[WHAT TO WORK ON] Copy the data exactly. No line may be skipped.

[RAW DATA]
--------------------------------
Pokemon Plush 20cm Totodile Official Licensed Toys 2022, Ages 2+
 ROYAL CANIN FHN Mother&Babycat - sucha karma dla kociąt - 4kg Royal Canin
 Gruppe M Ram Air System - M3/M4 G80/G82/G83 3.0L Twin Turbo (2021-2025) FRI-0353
--------------------------------
[SOLUTION]
Pokemon Plush 20cm Totodile Official Licensed Toys 2022, Ages 2+
 ROYAL CANIN FHN Mother&Babycat - sucha karma dla kociąt - 4kg Royal Canin
 Gruppe M Ram Air System - M3/M4 G80/G82/G83 3.0L Twin Turbo (2021-2025) FRI-0353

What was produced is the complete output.